Posted 14 April 2014
By Alexander Gaffney, RAC
In 2012, the International Conference on Harmonisation (ICH) released a new guideline, E2C (R2) - Periodic Benefit-Risk Evaluation Report, meant to ensure that PBRERs-standardized adverse event reports-contain the information regulators need to evaluate side effects and, if needed, take action.
Now ICH is out with an accompanying Question and Answer document on the E2C guideline, a document it says is intended to "clarify key issues" that have cropped up since the final release of the guideline.
ICH is an international group working to harmonize regulations across three main regions: the US, EU and Japan.
ICH's PBRER standard was first introduced in 1996, and has since been modified twice, first in 2003 and most recently in November 2012.
At its core, the PBRER is meant to allow regulators to be made aware of any emerging safety problems first encountered after a medicinal product has been approved for use by a regulator, or in quantities or effects greater than initially known.
"Like its predecessor, the Periodic Safety Update Report (PSUR), the harmonized PBRER is intended to promote a consistent approach to periodic postmarket safety reporting among the ICH regions and to enhance efficiency by reducing the number of reports generated for submission to the regulatory authorities," the US Food and Drug Administration (FDA) explained in April 2013.

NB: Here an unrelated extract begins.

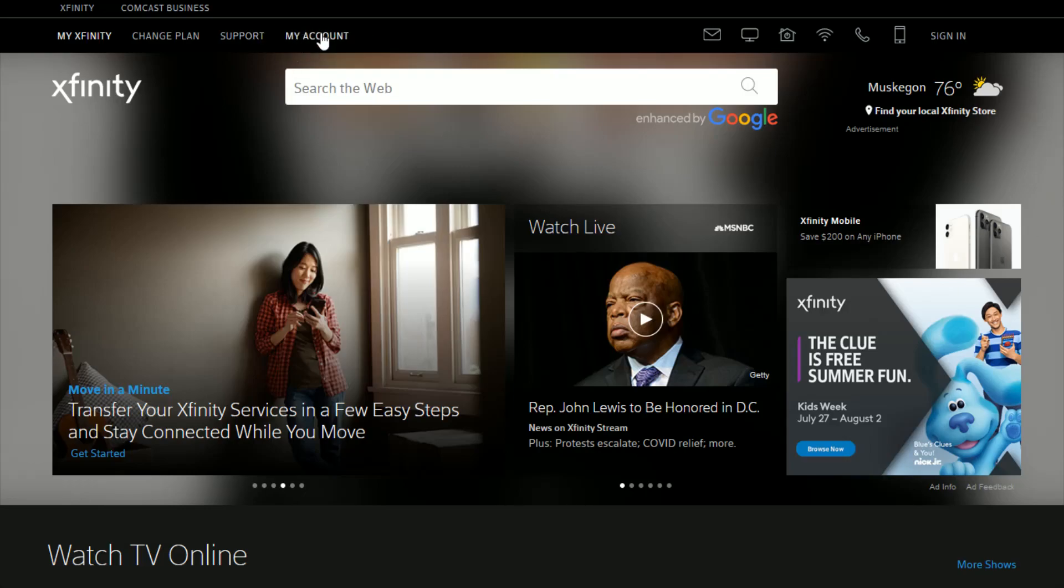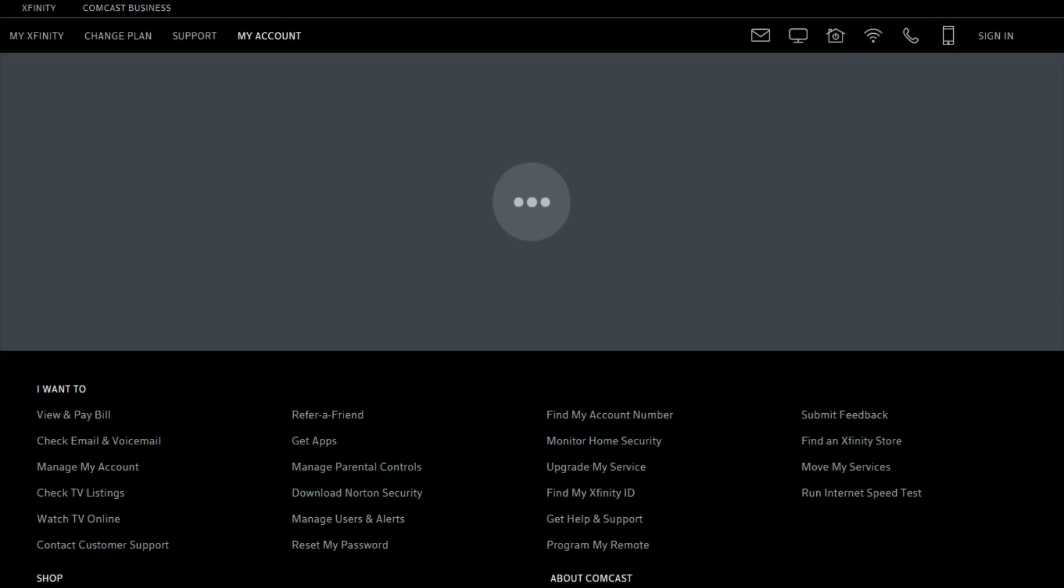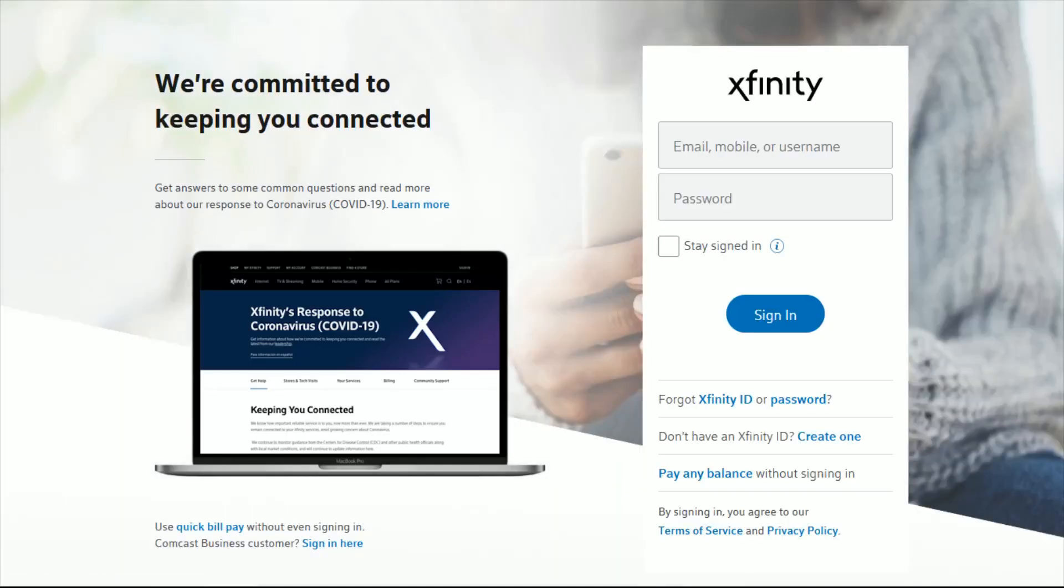What we want to do is go to the My Account tab, so we're going to click on that. If you have not already done so, it's going to prompt you to log into your Xfinity account. You can do this with your email, mobile number, or username that you have hooked into Xfinity as well as your password and then click sign in.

As ICH explained, the guideline is also different from the earlier PSUR standard in that it "changed the focus from individual case safety reports to aggregate data evaluation."

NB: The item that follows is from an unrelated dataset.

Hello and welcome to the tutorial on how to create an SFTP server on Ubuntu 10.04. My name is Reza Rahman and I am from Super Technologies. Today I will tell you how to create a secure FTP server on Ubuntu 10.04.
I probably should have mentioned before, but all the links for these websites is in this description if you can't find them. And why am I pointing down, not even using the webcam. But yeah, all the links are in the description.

FDA and other regulators are now in the process of implementing the new PBRER standard and phasing out other, non-harmonized adverse event reporting standards.
But since the guideline's release in 2012, ICH says it has become aware of "key issues" that require clarification.
Key among them: differing reporting intervals among regulatory regions. In the US, for example, PBRERs are due quarterly for the first several years after a medicine obtains marketing approval, and then annually thereafter. But companies rarely obtain marketing authorizations at the same time, meaning that the benefits of harmonization are lessened if they can't submit the same report.
ICH's advice to industry: Talk to regulators. ICH explained:
"In situations where the Marketing Authorization Holder (MAH) is preparing PBRERs on both a 6-month and an annual basis for different regulatory authorities, it is possible that a PBRER on a 6-month cycle could be submitted as an up-to-date PBRER containing 12-month interval data (to fulfil the second 6-month interval of an annual cycle). The same may be true if a product is on a 6-month cycle in one region and a 3-year cycle in another region. However, the MAH should always discuss the acceptability of this approach with the relevant regulatory authority or authorities, noting that this approach is not an attempt to amend local reporting periodicity, but rather an opportunity to use the 12-month document to fulfil the shorter reporting period requirement."
Elsewhere in the Q&A document, ICH expands upon another hot topic: Off-label use of a drug. PBRERs are meant to report on all uses of a drug, not just those uses which are on-label (i.e. used in accordance with the regulatory approval).
"Although the benefit-risk evaluation should be conducted across approved indications, it is critical that the risk assessment take into account all uses of the product," ICH wrote. Such data should be reflected in a company's discussion of a product's risk evaluation, ICH added.
The full Q&A document may be found online on ICH's website.